Manager’s Agenda #25. A communication transmitted from Louis A. DePasquale, City Manager, relative to Awaiting Report Item Number 18-141, regarding a report on safe way to bring power to the curb and across sidewalks to power electric vehicles.

I find these developments interesting in the sense that we’re seeing the future incrementally unfold. It is, however, worth noting that any decrease in the use of fossil fuels for vehicles or in buildings inevitably will lead to greater demand for electricity – at least in the near term, hence the relevance of the expansion of substations, etc. The likelihood that solar panels and rooftop wind turbines will take up the slack is more fantasy than reality.


On Picking Winners in the Cannabis Sweepstakes

Unfinished Business #4. A communication transmitted from Louis A. DePasquale, City Manager, relative to the proposed Cannabis Business Permitting Ordinance. [Draft Ordinance] [Advertised Draft Ordinance] [Zondervan memo] [Kelley Memo]

Committee Report #4. A communication was received from Paula M. Crane, Interim City Clerk, transmitting a report from Councillor Dennis J. Carlone Co-Chair and Councillor Craig A. Kelley, Co-Chair of the Ordinance Committee, for a public hearing held on June 27, 2019 was to continue discussions on a proposed amendment to the Municipal Code to add a new Chapter 5.50 entitled “Cannabis Business Permitting Ordinance.”

The Council will pass something very soon, but I continue to marvel at the degree to which some councillors are trying to pick the winners. Affirmative action is great, but there comes a point where this becomes simple political patronage.


On Preferential Treatment for Certain Developers in Perpetuity

Committee Report #1. A communication was received from Paula M. Crane, Interim City Clerk, transmitting a report from Vice Mayor Jan Devereux, Co-Chair and Councillor Quinton Zondervan, Co-Chair of the Health and Environment Committee for a public hearing held on June 4, 2019 to discuss the proposed 100% Affordable Housing Overlay as it relates to the tree canopy, open space, green space and stormwater management.

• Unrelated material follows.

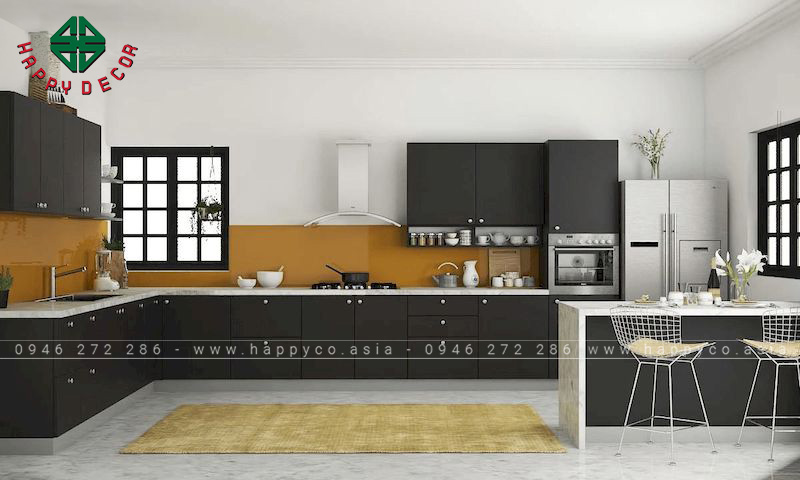 Thiết kế tủ chữ L có cửa sổ có phù hợp phong thủy không?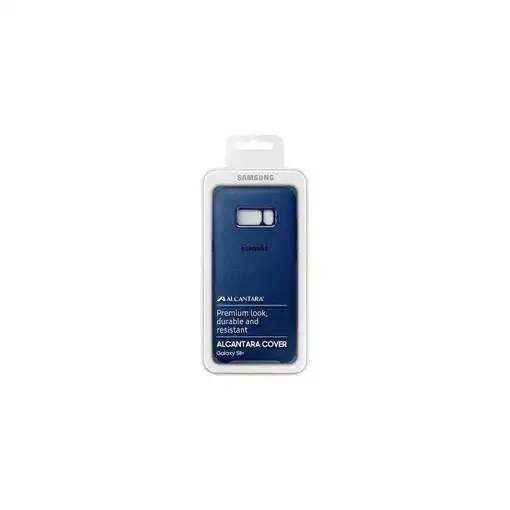 Funda Samsung Galaxy S8+ Alcántara Azul EF-XG955AL Nueva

Committee Report #7. A communication was received from Paula M. Crane, Interim City Clerk, transmitting a report from Councillor Dennis J. Carlone Co-Chair and Councillor Craig A. Kelley, Co-Chair of the Ordinance Committee, for a public hearing held on July 2, 2019 to discuss a proposed amendment to the Zoning Ordinance to create a city-wide Affordable Housing Overlay District (AHOD).

Communications & Reports #2. A communication was received from Paula M. Crane, Interim City Clerk, transmitting a memorandum from Councillor Carlone, regarding the general public my comments and questions, and zoning recommendations for the proposed Affordable Housing Overlay submitted on Apr 25, 2019.

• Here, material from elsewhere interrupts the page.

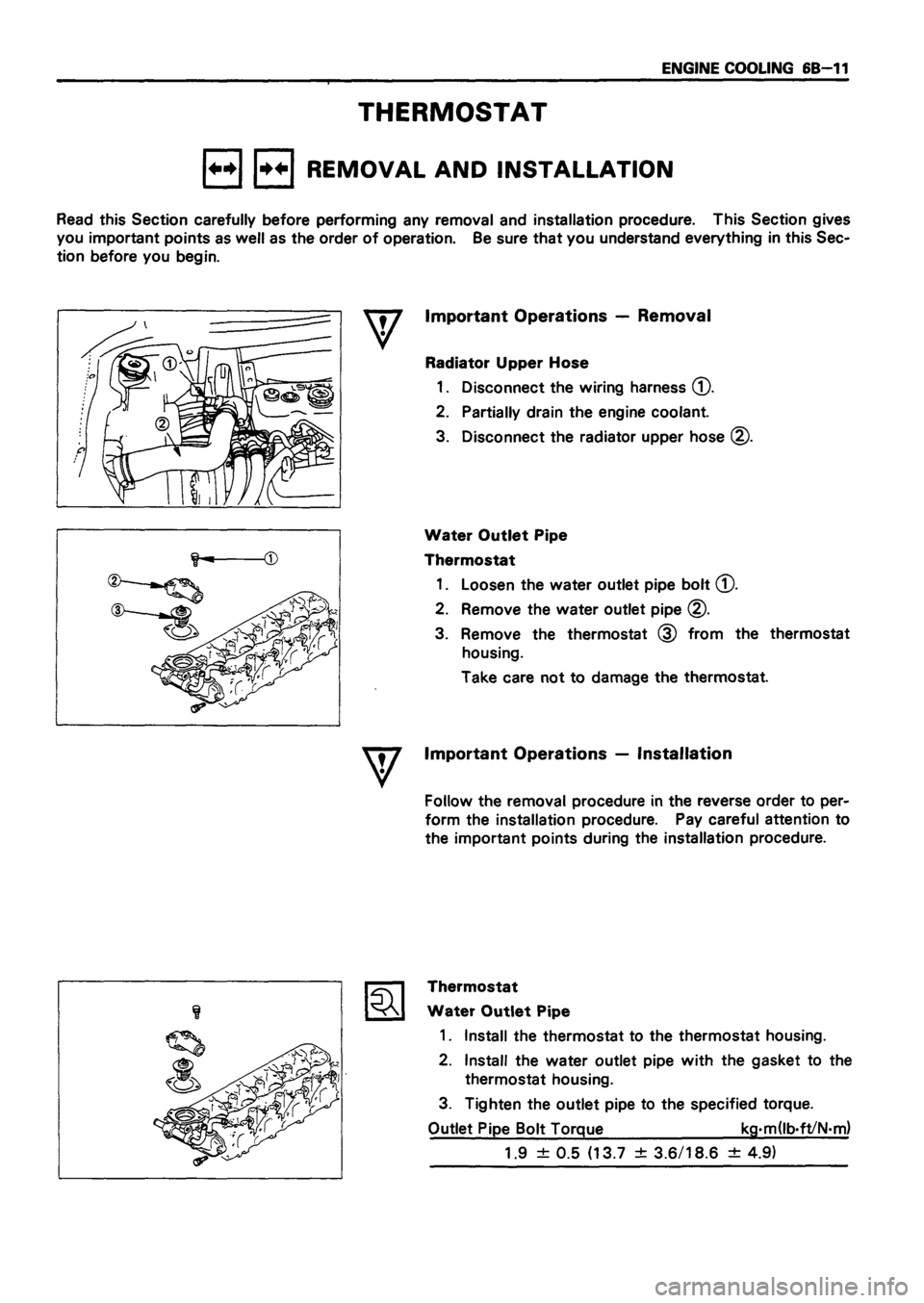 ISUZU TF SERIES 1993  Workshop Manual 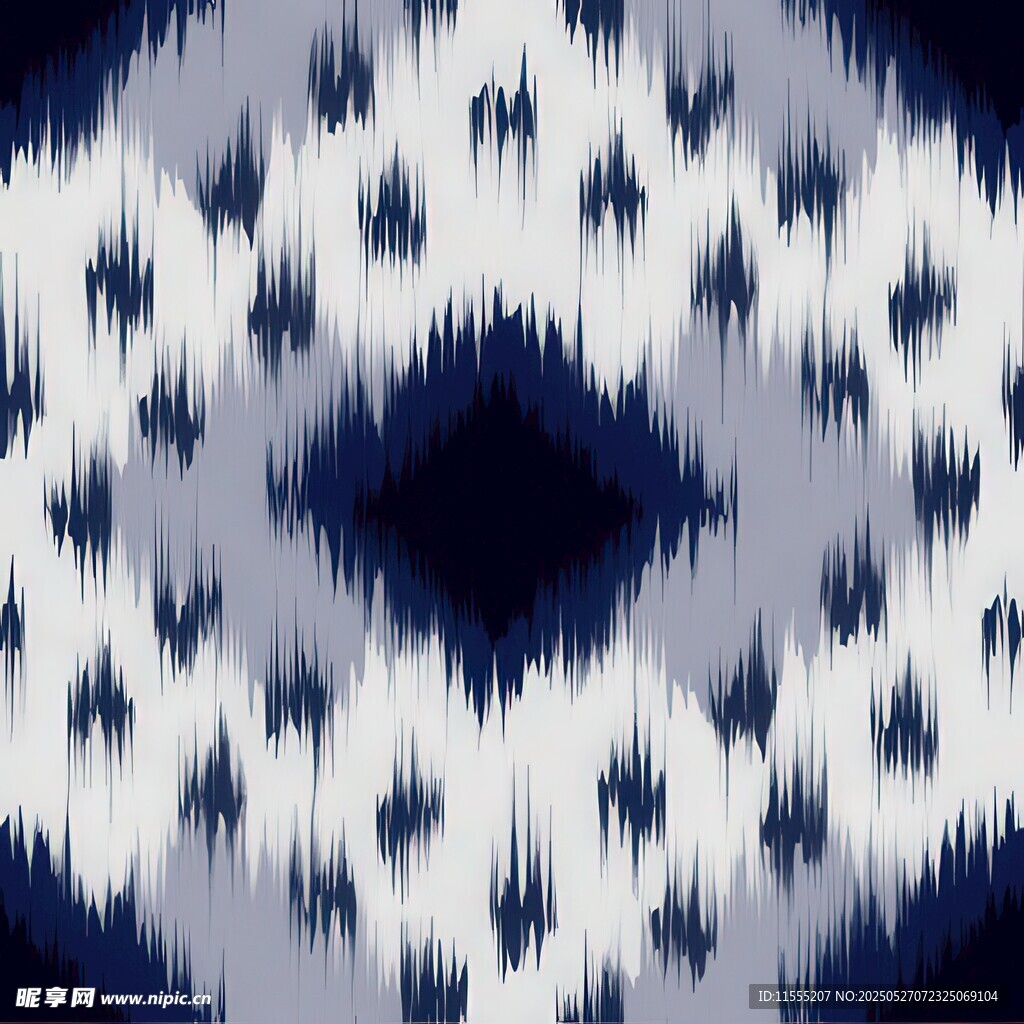 蓝白几何图案纹理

Communications & Reports #3. A communication was received from Paula M. Crane, Interim City Clerk, transmitting a memorandum from Councillor Mallon and Mayor McGovern regarding Amendments to the Affordable Housing Overlay.

Regardless how one feels about this Overlay business, it is very clear that this proposal should properly be viewed as an emergency measure and that there should be a sunset clause after which it goes away unless it is freshly reauthorized at some point – perhaps 3-5 years from now. That said, each iteration of this dreadful proposal moves further toward making it permanent, i.e. a permanent mechanism for converting privately-owned residential property into public or quasi-publicly owned residential property. Sunset is being replaced with "review" which means precisely nothing. Apparently, the current group of nine councillors seems hell-bent on literally turning Cambridge into the Peoples Republic of Cambridge where the notion of private property is met with nothing but disdain. Zoning should be about predictability and consistency so that when properties change hands there can be reasonable expectations. This proposal replaces consistency with chaos.

This proposal should not pass, but if it does I hope that nobody ranks any of its supporters anywhere on their City Council ballot. This includes some people who I have considered friends, but they will not even get an honorable mention on my ballot if they vote in favor of this travesty. There may be other proposals that are worthy of support, but they are not currently before this City Council. Zoning regulations should not be authored by the beneficiaries of preferential zoning.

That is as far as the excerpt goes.